Buildings, ranging from residential high rises to commercials, are responsible for about 30% of the world’s energy use and 28% of global greenhouse gas emissions#. This extensive use of energy in the building sector creates opportunities for implementing several energy conservation measures. It is estimated that the energy consumption in new and old buildings could be reduced by 30% to 80% through the efficient use of existing technologies. One of the most important direct benefits that can be obtained from the retrofitting of a building is a reduction in energy costs and operating costs of electro-mechanical equipment. A detailed cost-benefit analysis can be obtained with the help of economic indicators such as Simple payback period, Net present value (NPV), Internal rate of return (IRR) etc. to establish the economic feasibility of the retrofitting project.

Methodology

In this study, the energy system of the building was analyzed in four different steps.

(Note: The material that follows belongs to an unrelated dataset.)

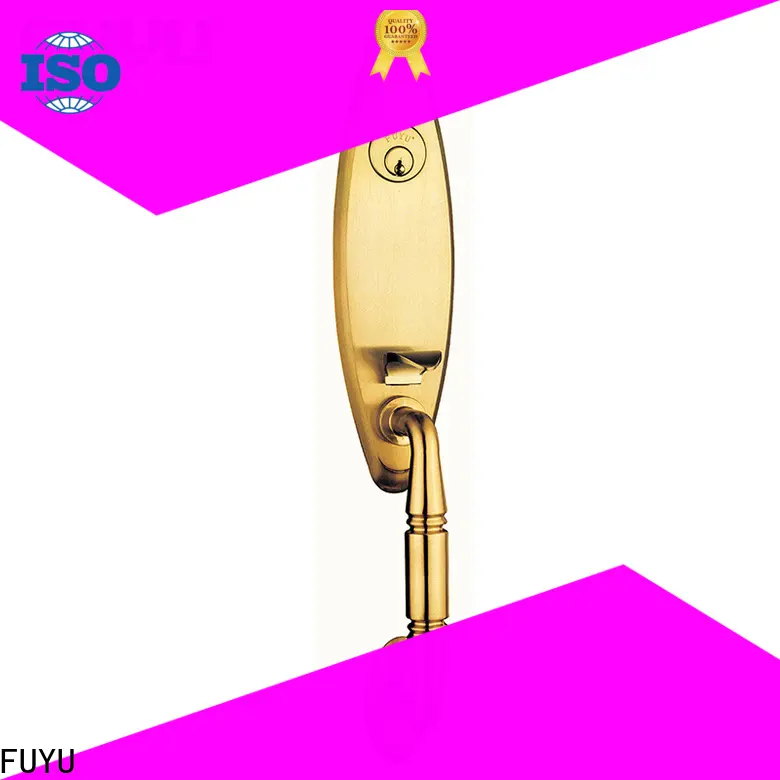FUYU best lock for metal door factory for mall 1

Step 1: Analyzing utility data of the building and Benchmarking

In this step, utility bills of the facility were collected to identify energy use patterns and the effect of weather conditions on energy use at the building. Next, benchmarking indices were calculated to compare with typical benchmarking data of similar kinds of buildings to find out the scope for improvements.

Step 2: Performing an energy audit of the facility

An energy audit was performed to identify energy conservation measures and to understand the existing operating conditions, operating hours and present O&M practices of major energy-consuming equipment.

Step 3: Creating a baseline for building energy use

In this step, a baseline was created based on the energy use data of the building to estimate the energy savings opportunities from the proposed energy conservation measures.

Step 4: Evaluation of energy conservation measures A list of energy conservation measures was determined and analyzed to establish the feasibility of economic and energy-saving opportunities.

Existing RTU
Building understudy

Results and Discussion

Based on the assessment of energy use patterns, cost incurred for the energy use and present operating practices of the facility, several Energy Conservation Measures (ECMs) for the building were analyzed. Among the ECMs considered in the study, three successfully reduced energy consumption. The results of the three ECMs were evaluated with a final goal of transforming the building’s energy consumption to become more economic and energy-efficient. It was found that ECM#1, which involved changing present RTUs with a new, and efficient equal number of RTUs would provide an energy savings of 8% within a payback period of 34 years. ECM#2, which suggested changing the present RTUs with high-efficiency Heat pumps, would give an energy savings of 92% within a payback period of 8 years. In ECM#3, equipping the building with occupancy censors would offer an energy savings of 15% within a payback period of 6 years.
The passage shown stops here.